Not all rallies will generate any excess, for example on the Beverley rallies I just charge the site fee and provide some Saturday night nibbles out of my own pocket, but for example where a hall is rented there may be money left over if more people attend.

........................Hope that makes sense :roll: :roll:


----------



## RainDancer (May 24, 2005)

Hello bsb2000

Good idea to collect any additional income but is it a good idea to call it a rally slush fund. Members may get the wrong impression as to what you are trying to achieve. by the way do you have a treasurer who will deposit the income into mfh's bank account. Sorry to sound a bit negative but being a director of the Autotrail owners club I know that every thing has to be above board.

As the rally Co-ordinator I assume that you have insurance taken out by MHF when a rally is taking place for public liability. 

Again sorry to be so negative but if you don't as you don't know


----------



## hymmi (May 9, 2005)

Hi,

I thought slush fund was a very good name for it,i think we know what Ian means................Ian is the new treasurer ,i believe and yes we do have exemption certificate all very professional here i think.

Maybe Ian should have answered this............................think it is all in order though


----------



## 88927 (May 10, 2005)

Good idea
Just a thought that some rallies may end up in deficit and the organiser of that rally will personally be out of pocket, so here is my idea....
Have the "slush fund" and collect excess monies and when a rally organiser can show that they are out of pocket the fund could re-imburse them as out of pocket expenses. That way people will not be unwilling to run a rally should they feel like it and do so without fear of being left poorer by the exercise.

Just a thought????

Keith


----------



## RainDancer (May 24, 2005)

Hi Hymmi

Thanks for the reply. Is there a listing of all the committee members, who elected the committee members. The exemption certificate is not an insurance policy it is an exemption enabling members to rally for a period of up to 5 days without notifying the local authority. I repeat sorry to be negative but a can of worms could be opened by the name slush fund.


----------



## 88927 (May 10, 2005)

Lots of politicians have slush funds but people keep voting for them!!!!!!
I think the real issue is whether the fund is "public" or secret????
This one would certainly be very Public.

I didn't know that we were in fact a club with "elected members"? Did I miss something? I thought we were on a website of likeminded (sometimes) people with a common hobby......

Keith


----------



## RainDancer (May 24, 2005)

Hi Kands

I could not agree more , however when Hymmi says that bsb2000 is the new treasurer and that MHF has an exemption certificate it indicates that it is a club that rallies.


----------



## 88927 (May 10, 2005)

Good grief
I belong to a clandestine organisation !!!!!!!!!!!!!!!!!!!
I guess you now know why no-one has listed any committee members, because secret societies never publish the leadership information. Do we have to learn any secret codes or handshakes?????
:lol: :lol: :lol: :lol: 

Seriously though I think that rallies are organised by individuals and not by a "club" and your own insurance will cover the use of your vehicle. If we were a club surely we would have to pay subs etc and the fees for the rallies are basically to cover the cost of the person organising them, or is something going on????

Many thanks

Keith


----------



## RainDancer (May 24, 2005)

Hi Kands

Yes we are all members of some sort of organization. The home page says it is a forum which holds regular rallies for it's members. To qualify for an exemption certificate I understand that you have to be a club. The insurance which every motorhomer holds Is not for 3rd party public liability insurance for joe public who is on the rally field. I really think that one of the organizers of MHF should explain the situation with regards to rallies and the so called slush fund.


----------



## 88742 (May 9, 2005)

Don't say I didn't warn you Hymmi :roll: :roll: :roll:


----------



## RainDancer (May 24, 2005)

Hi BSB2000

Don't get me wrong about having an surplus income it is a good idea, but the word ''slush fund'' is not appropriate in my opinion.

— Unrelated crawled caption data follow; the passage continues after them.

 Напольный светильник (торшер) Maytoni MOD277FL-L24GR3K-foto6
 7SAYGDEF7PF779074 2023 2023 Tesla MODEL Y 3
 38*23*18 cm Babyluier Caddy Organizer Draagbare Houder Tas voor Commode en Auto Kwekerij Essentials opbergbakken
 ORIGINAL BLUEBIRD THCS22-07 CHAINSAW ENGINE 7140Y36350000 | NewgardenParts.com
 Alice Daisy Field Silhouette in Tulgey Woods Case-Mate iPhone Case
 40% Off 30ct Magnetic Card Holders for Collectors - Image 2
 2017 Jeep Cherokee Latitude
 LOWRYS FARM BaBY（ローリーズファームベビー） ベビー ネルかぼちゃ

This hole gets bigger and deeper that Hymmi opened up.


----------



## spykal (May 9, 2005)

Hi
Never having managed to get to a rally I may be speaking out of turn ...but.....the talk of Committees and members does sound like the end of what I thought was just a "community". I already belong to all the relevant clubs and they are hog tied and bound by bloomin' committee decisions. If I attend a MHF rally and the overnight charge is acceptable to me then I really could not care less about where any profit might go especially if it needs a committee to decide what to do with it.....if it is going to cause aggro, give it to a charity. That would be a lot easier than setting up a system of holding the organisers to "account".

Mike

P.S. added on edit ....I though the idea of a slush fund was just fine!


----------



## hymmi (May 9, 2005)

Excuse me raindancer i didn't open up a hole you did.

I thought it was a good idea for any surplus money to go to buying a few bottles of wine or treats,i don't think anyone is going to run off with £20 ,what are you talking about commitee's.

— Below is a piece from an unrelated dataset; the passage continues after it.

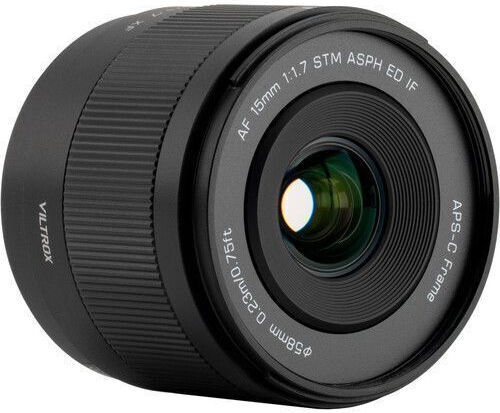 Viltrox Crop Фотообектив AF 25mm f/1.7 Air XF Широк ъгъл за Фуджифилм Икс Монтаж Черен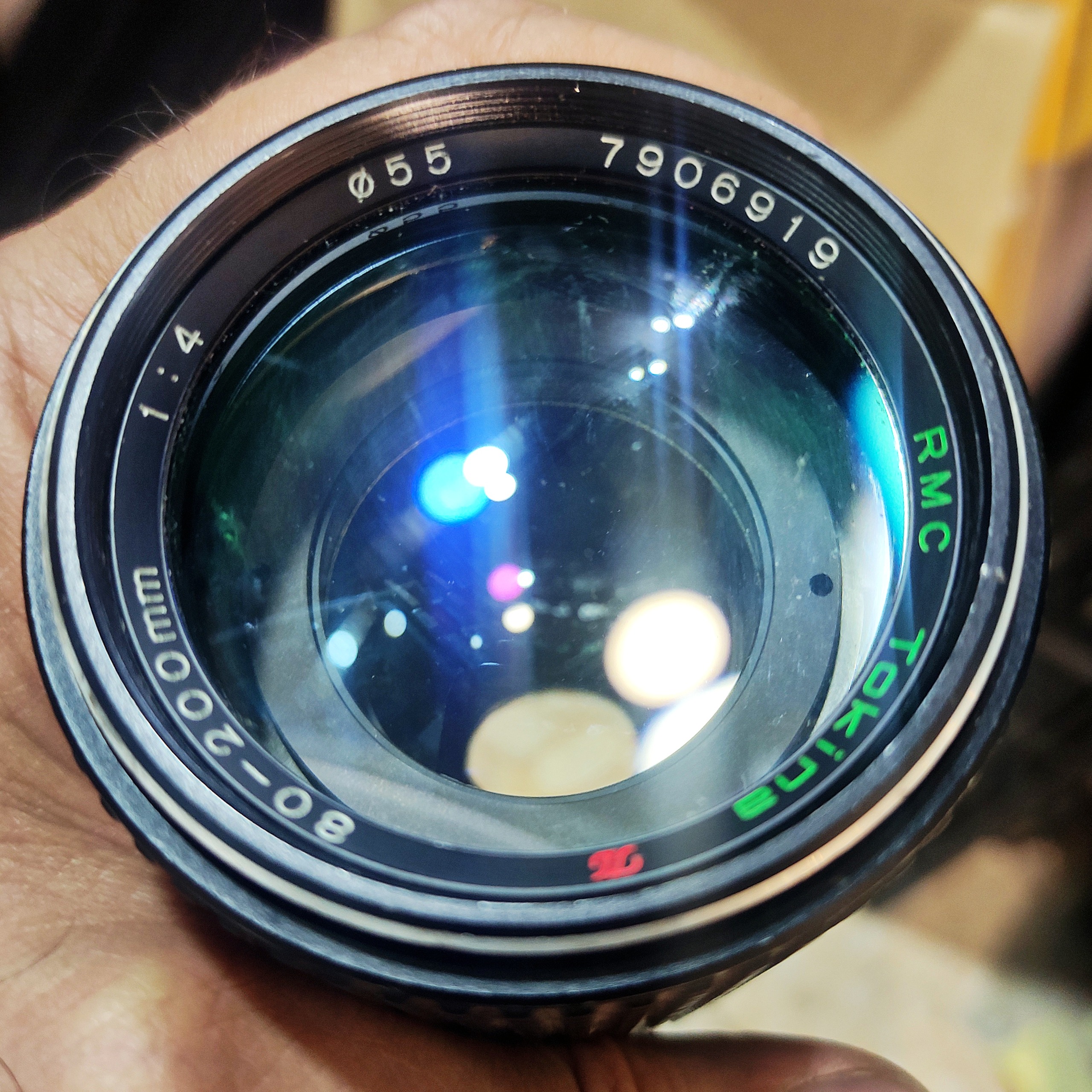 لنز OLYMPUS OM TOKINA 80-200mm Multicoat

Why do you keep apologising for being negative and don't get me wrong,don't do it then......................let us get on with trying to get something off the ground for others to enjoy.

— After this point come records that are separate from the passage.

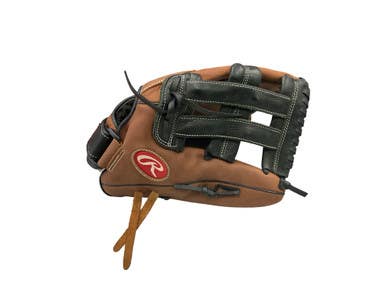 Used Rawlings PREMIUM SERIES BB/SB Glove RH Throw Brown 13" 11859-S000031036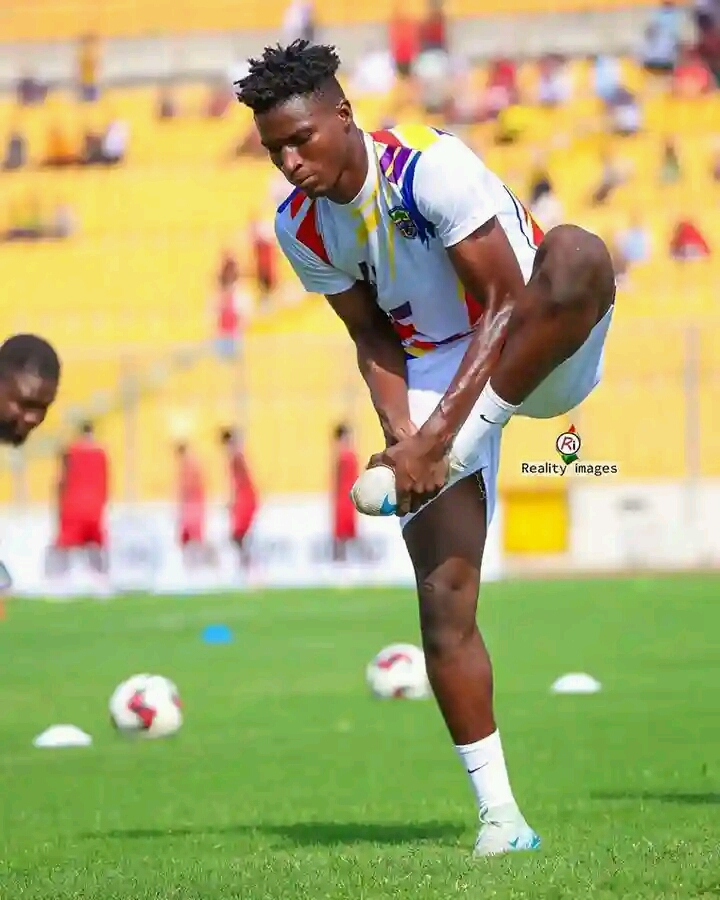 Salim Adams set to leave Hearts of Oak as a free agent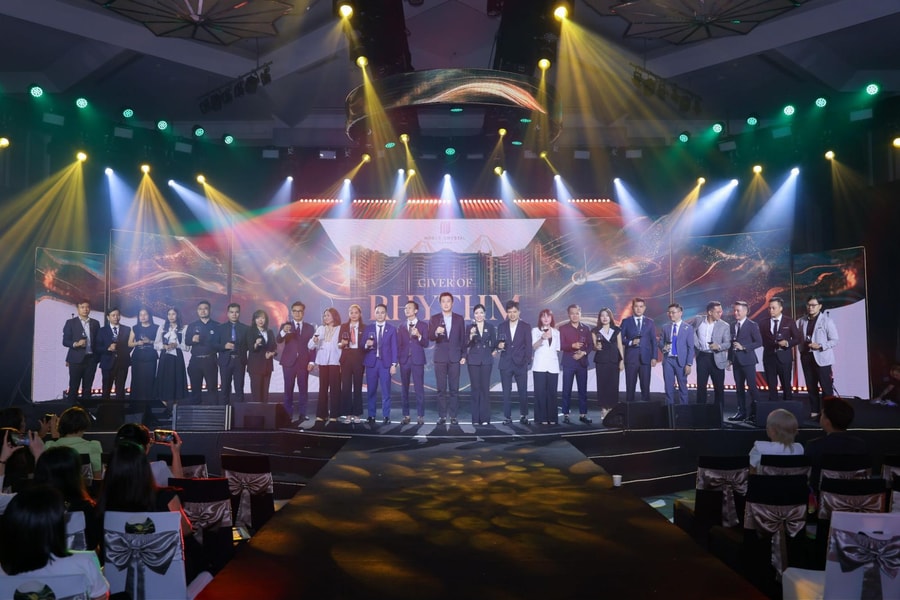 Lễ ra quân ấn tượng của dự án bất động sản hàng hiệu Noble Crystal Tay Ho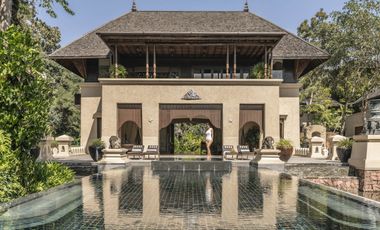 Luxury 4-Bedroom Residence Villa in Four Seasons Resort Chiang Mai for SALE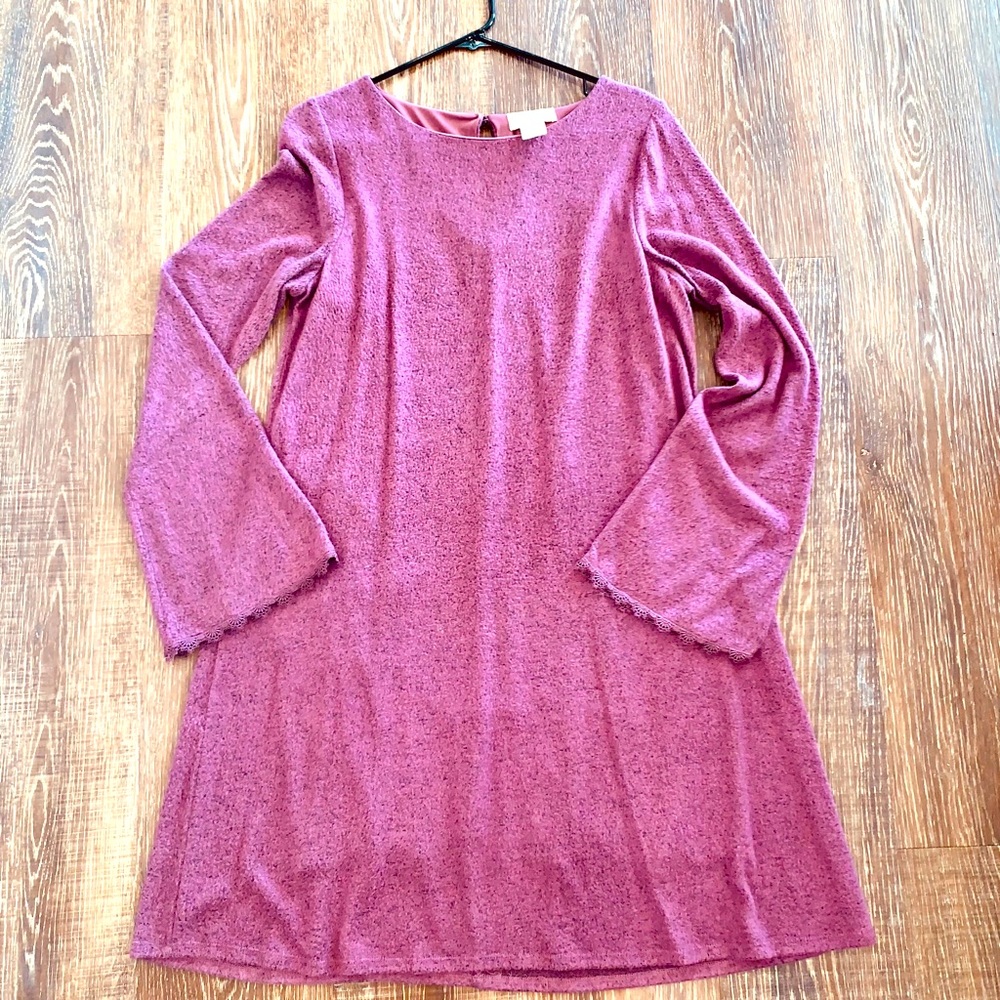Altar’d State purple dress, so soft, size L, EUC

Forget the idea Ian,sorry,it was only a thought to give ourselves a treat once a year,you did warn me..........................always a jobsworth around to knock you back down..................


----------



## johnsandywhite (May 9, 2005)

8O Officaldom.Officaldom. Officaldom. Club Chairman, Secretary, Committee members. Slush Fund. *RainDancer* I think you ought ot come in from dancing too much in the rain. What they doing is a friendly get together of fellow Motorhomer's. I am sure if the wish to be part of an Official Club like you obviously are. They would have ( and possibly some have) done so by now. When does a friendly get together become an official, must follow the Rules and Regulations of gatherings in a public/private place? 8O JMTP. :lol:


----------



## RainDancer (May 24, 2005)

Hymmi

You started it all off by suggesting starting a slush fund to bsb2000 .

I said it was a good idea. But who cares do what you want, I was only trying to point out the pitfalls. 

End of subject as far as I am concerned


----------



## hymmi (May 9, 2005)

good........................................ :!:


----------



## johnsandywhite (May 9, 2005)

:!: Right then...................................................................... :!: :lol:


----------



## 96097 (Aug 22, 2005)

Hymmi -

'I thought it was a good idea for any surplus money to go to buying a few bottles of wine or treats'

For those who do not drink wine, or do not enjoy treats - you must come up with some alternatives!

Sharon

:twisted:


----------



## hymmi (May 9, 2005)

Hi RockieRV,

What about a can of worms and a slush puppy...................... :roll:


----------



## Scotjimland (May 23, 2005)

This discussion reminds me of my attempts to have a 'slush' fund at work. .. 

We had a problem disposing of used white pallets, our yards were overflowing, no one wanted them. The local council was approached but wanted to charge a ridiculous amount for disposal..

As luck would have it I found a dealer who was prepared to pay us £50 per load. 

I discussed this with our manager who said,, Great, save up the cash and we will have a Xmas bash. This we did and within several months we had collected several hundred pounds. 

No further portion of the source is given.